Problem
Transcribe, without any change, the line that includes "St Petersburg, Florida" and all the lines that come after it in the material below.
╭─ Supplied material
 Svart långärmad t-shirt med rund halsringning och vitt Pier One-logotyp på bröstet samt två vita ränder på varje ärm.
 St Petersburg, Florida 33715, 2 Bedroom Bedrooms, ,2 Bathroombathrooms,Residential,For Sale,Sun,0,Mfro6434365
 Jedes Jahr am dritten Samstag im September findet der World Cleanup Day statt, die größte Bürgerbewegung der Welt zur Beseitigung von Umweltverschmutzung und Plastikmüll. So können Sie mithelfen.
╰─
Result of the exercise
 St Petersburg, Florida 33715, 2 Bedroom Bedrooms, ,2 Bathroombathrooms,Residential,For Sale,Sun,0,Mfro6434365
 Jedes Jahr am dritten Samstag im September findet der World Cleanup Day statt, die größte Bürgerbewegung der Welt zur Beseitigung von Umweltverschmutzung und Plastikmüll. So können Sie mithelfen.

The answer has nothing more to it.